I nearly saw Palisades last year when they played a tiny venue in Reading (the 300 capacity Face Bar) but transport issues stopped me from being able to attend. As soon as I got my Download ticket they were at the top of my list of bands to see, and I was ecstatic when I found out that their set didn’t overlap with any of the other bands that I was interested in.
Getting to the tent early I was surprised to see that it was practically empty, but I took advantage and squeezed my way right to the front. Playing Jack U’s ‘Beats Knockin’ as an intro track, the crowd started jumping and dancing as soon as it kicked in, and that didn’t stop for the 25 minutes that Palisades were on stage.
With their brand of electronic hardcore, Palisades are perfect for festivals; they blend their style very well and effortlessly appeal to fans of a multitude of genres. When they asked the crowd to get down for ‘High and Low’, the entire room did it without question – it was one of the biggest reactions I’d ever seen to that request, and definitely showed how much the people in attendance were enjoying the band.
Beats Knockin’ intro
Player Haters’ Ball
High and Low
As well as it being my first time at Download, it was the first time for Milton Keynes rockers Tesseract. Vocalist Daniel Tompkins whipped up the crowd, announcing “This is your festival, these are your songs, let’s hear some voices today!”, before playing through a set that was equal parts brilliant and confusing.

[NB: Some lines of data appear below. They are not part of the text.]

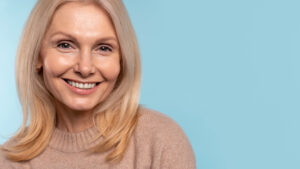 senior woman smiling against blue background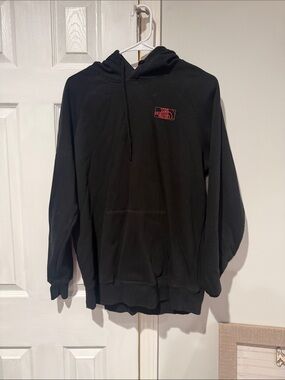 The North Face Black Pullover Hoodie with Red Logo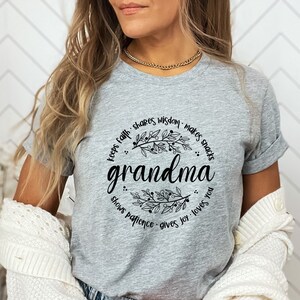 Op de afbeelding: Een heather grijze t-shirt met het woord "grandma" in een sierlijk lettertype, omcirkeld door een bloemenkrans. De krans bevat zinnen als "keeps faith", "shares wisdom" en "gives joy". De mouwen van de shirt zijn opgerold.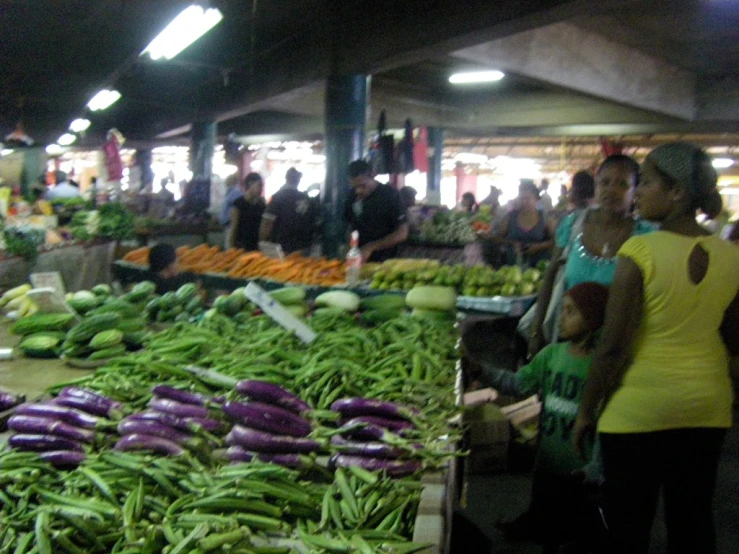group of people at outdoor market looking at vegetables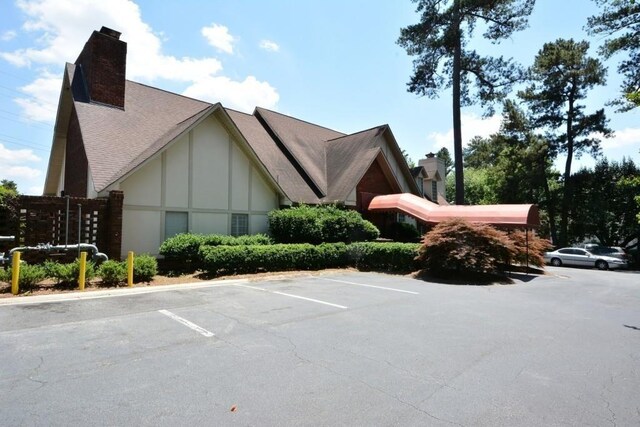 6851 Roswell Rd Unit N-20, Sandy Springs, GA 30328 - view of property with uncovered parking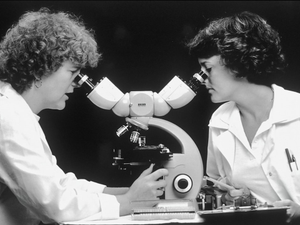 Two Caucasian women scientists looking through a double-headed microscope.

I didn’t have the best knowledge of Tesseract before I went to Download (in fact I only knew ‘Survival’, the penultimate song that they played and one of their most recent releases) and I was struck by the odd musical timings they used in every song. It’s definitely a unique style, but it felt discordant; particularly when used with Dan’s voice, which is almost operatic in tone and intensity. I wasn’t sure at the time whether it was bad musicianship or if the recorded songs sounded the same, and after looking further into their back catalogue I’ve discovered it was definitely the latter, but it wasn’t really to my taste.

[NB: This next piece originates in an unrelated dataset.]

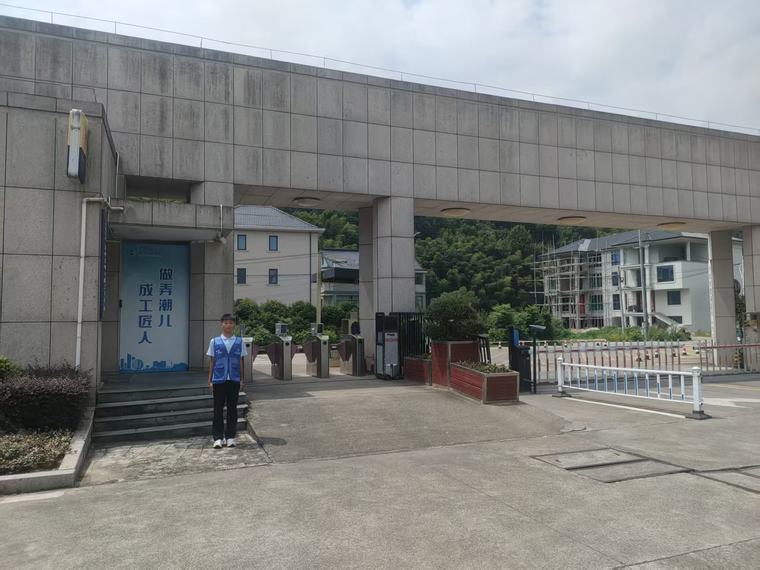 学校大门前，一位穿蓝色马甲的同学站在远处，画面中显得很小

That being said, compared to the jarring sounds of the two songs played from ‘Concealing Fate’ (their first EP, which they played in full on the Firestone stage later in the day), ‘Survival’ is harmonious and spine-tingling in a live environment. If this is what Tesseract’s upcoming release, ‘Errai’, is going to sound like, it’s certainly up my alley.
Concealing Fate Part 2: Deception
Concealing Fate Part 3: The Impossible
I’d seen Dead! less than two weeks before when they performed at Slam Dunk South, but due to poor organisation and the area getting closed off, I’d missed the beginning of their set. I was expecting them to play the exact same setlist – it would be pointless to change it with the two festivals being so close together – and I was overjoyed when they did.
I hadn’t been expecting to stay for their entire set, but as soon as Alex Mountford gets up on that stage you can’t walk away. With the stage presence of Tyler Joseph and the charisma of Gerard Way, Alex was born to be a frontman, utilizing every inch of the stage and throwing himself into their set.
The band don’t have too many songs officially available (14 on iTunes when I last checked) and playing unreleased songs ‘Enough Enough Enough’ and ‘Up For Ransom’ (which I was only familiar with after hearing it at Slam Dunk) were brave moves – particularly kicking off the set with the former, which carried a brilliant message regarding the media and culture today.
I definitely enjoyed finally getting to hear ‘Phantom’ live again, with its strange pacing and irrepressibly catchy dance backing. When I first saw Dead! live – at Thekla way back in April 2014 – I was having fun watching their set but I didn’t feel any connection to them; that was until ‘Phantom’ started, and Alex sauntered off of the stage and into the middle of the crowd, pumping everyone up and getting the boat shaking. A song like that is a memorable experience, and hearing it again – complete with two years of live experience that’s made it sound so much sweeter – made me extremely proud of how far the Southampton boys have come. The tent had been stuffed to the brim for previous band Milk Teeth, and the crowd had certainly diminished by the start of their set, but they easily managed to get people pouring in.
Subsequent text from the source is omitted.